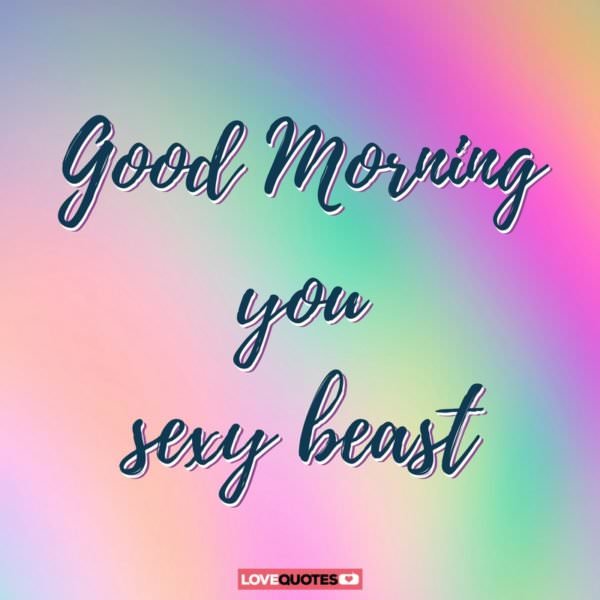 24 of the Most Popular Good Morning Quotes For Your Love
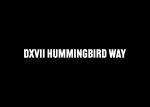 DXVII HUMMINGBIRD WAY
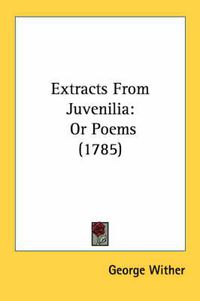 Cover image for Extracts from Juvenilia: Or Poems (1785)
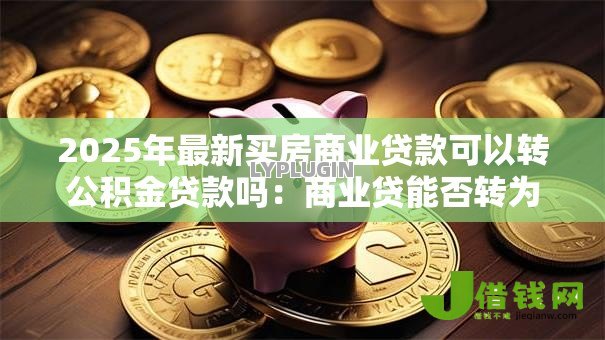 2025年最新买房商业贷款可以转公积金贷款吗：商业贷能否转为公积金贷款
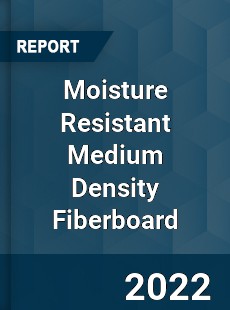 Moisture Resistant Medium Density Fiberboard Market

*-*-*

Write out the data above in full and exactly, but not the pictures.

 24 of the Most Popular Good Morning Quotes For Your Love
 DXVII HUMMINGBIRD WAY
 Cover image for Extracts from Juvenilia: Or Poems (1785)
 2025年最新买房商业贷款可以转公积金贷款吗：商业贷能否转为公积金贷款
 Moisture Resistant Medium Density Fiberboard Market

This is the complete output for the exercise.